The Atakora region is one of the unmissable wonders of Benin and Togo. To reach it from Natitingou, you have to drive along a road set amidst spectacular scenery of fertile plains, dotted with fields of maize, cotton and baobabs, protected by mountain profiles that stretch as far as the eye can see to the border with Togo.
It is here that the Somba-Betammaribé (in Benin) and Tamberma (in Togo) peoples, fleeing slavery, tribal wars and Islamisation, found refuge, preserving their ancestral traditions intact over the centuries. It was in this spectacular place that they found fertile land and rocky heights in which to hide. It was here that they built their small defensive fortresses with what nature offered them, thatch, wood and mud.
Their typical houses called tatatchenta (or more simply tata), scattered across the plain and between the hills, despite their simplicity, are a true synthesis of defensive, functional and religious engineering. Entirely modelled in clay by laying one on top of the other, both families and their herds find shelter inside. The roof consists of a terrace on wooden cavities and small towers with straw caps (rooms and granaries). Numerous ‘surveillance’ systems were designed to repel possible enemy attacks. But surely the greatest protection of the hearth of peoples who remained profoundly animist was entrusted to the innumerable protective fetishes, also moulded in clay in front of the door, and on which propitiatory sacrifices are periodically made, even today.

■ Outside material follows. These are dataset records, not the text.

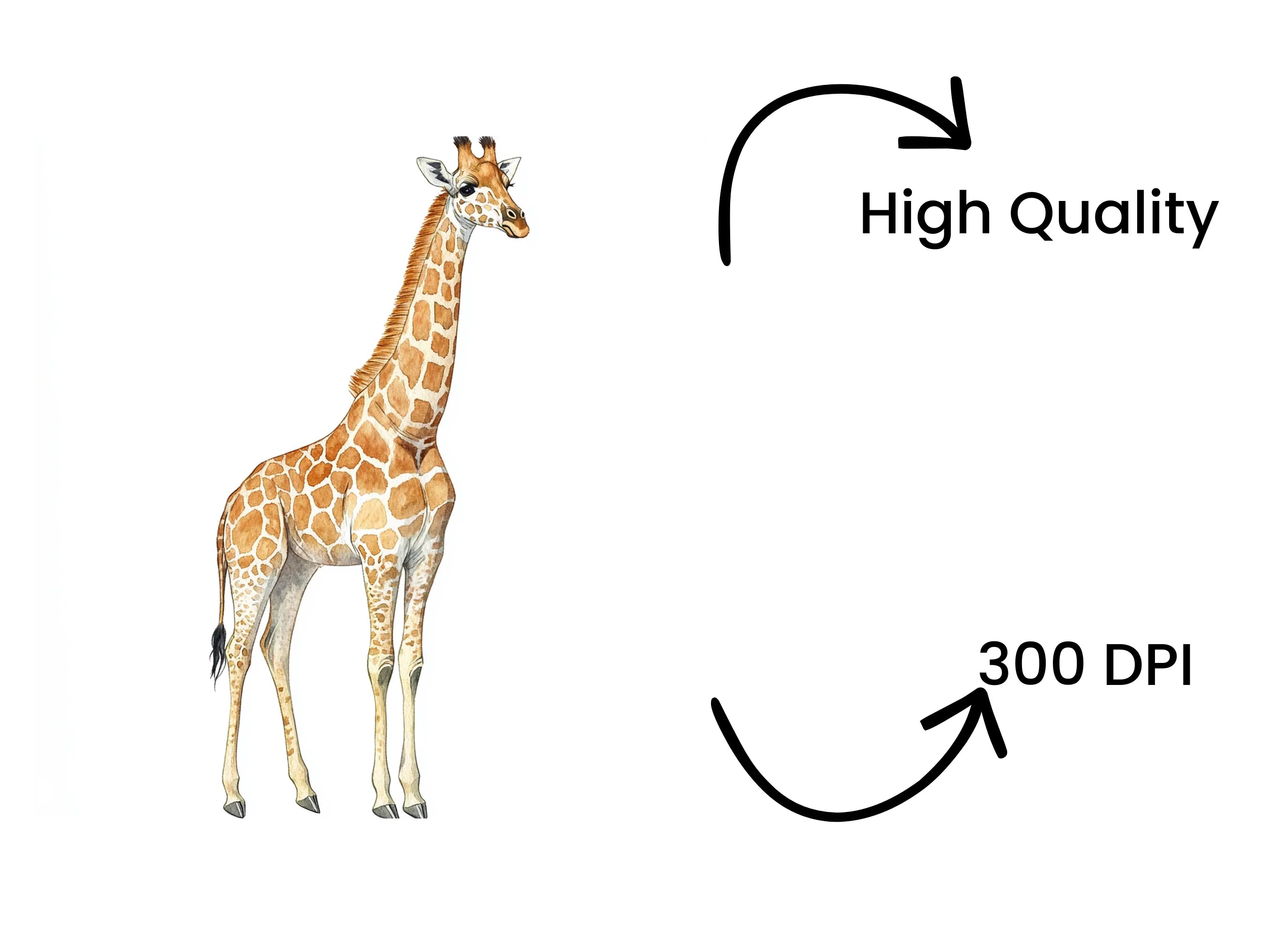 Giraffe Clipart Bundle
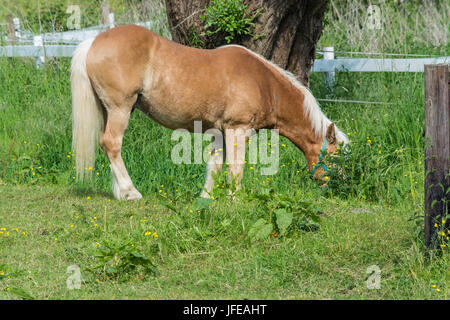 Marrone a cavallo in un pascolo Foto Stock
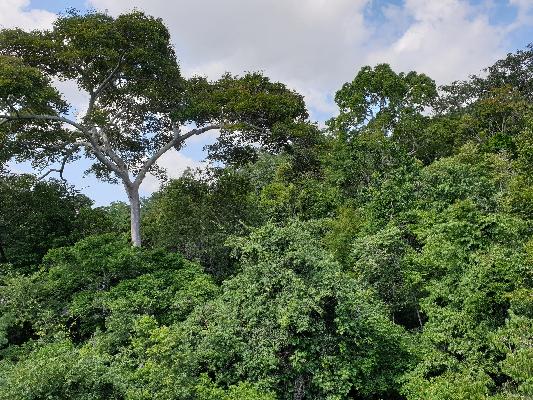 Shimba Hills, Kenya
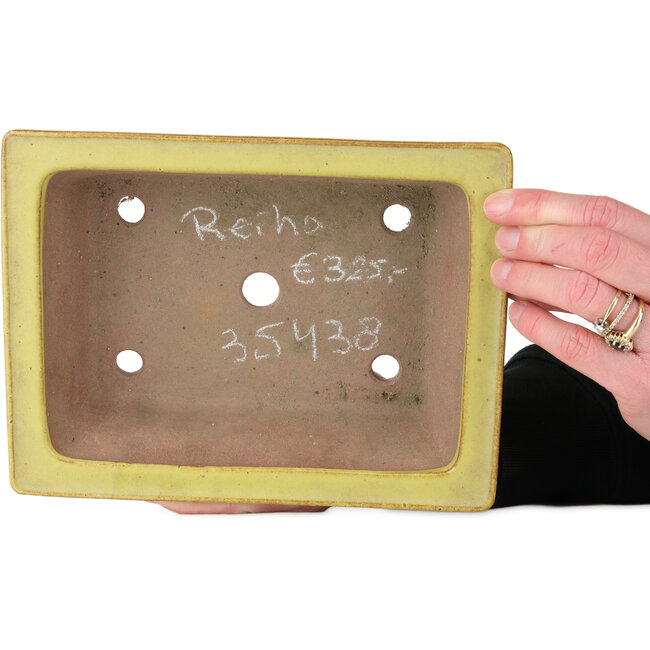 Pot à bonsaï rectangulaire jaune par Seizan (Reihou, Kataoka Katsushi, maître four Seizan) - 213 x 163 x 68 mm
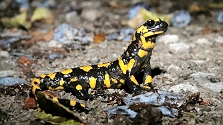 Still from 'In the Territory of the Fire Salamander'.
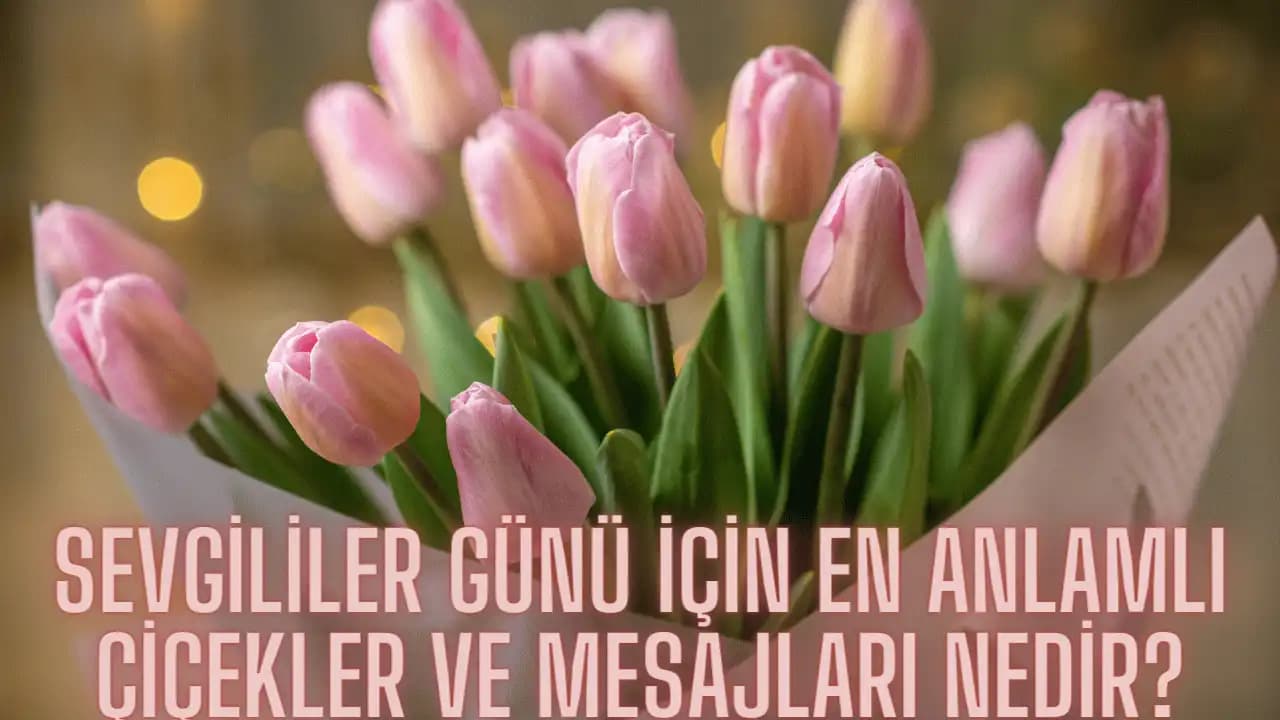 Anlamlı Çiçekler ve Dekorasyonda Kullanım Alanları: Duyguları ve Mesajları Yansıtan Seçenekler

The most representative examples of these small traditional dwellings with their fairy-tale appearance are to be found at Koussoukoingou on the Beninese side and at Koutammakou on the Togolese side (UNESCO heritage site). Crossing the border, one realises that the geopolitical borders imposed by the great European powers did not succeed in dividing these peoples, who share the same customs, languages and traditions.
Today, the border is crossed in a constant coming and going from one country to another, as if it did not exist, and the Betammaribé and the Tamberma continue to meet and do business at the small Nadoba market, one of the most representative in the region, where traditional goods have not yet been replaced by cheap chinoiserie. Here, every Wednesday, the feticheurs/soothsayers welcome under their canopies of branches all those who wish to have their fortunes read, or for advice on important personal decisions. The answer will be given to them by a complex theory of symbols that the feticheur’s stick traces in the sand, under dictation from the spirits.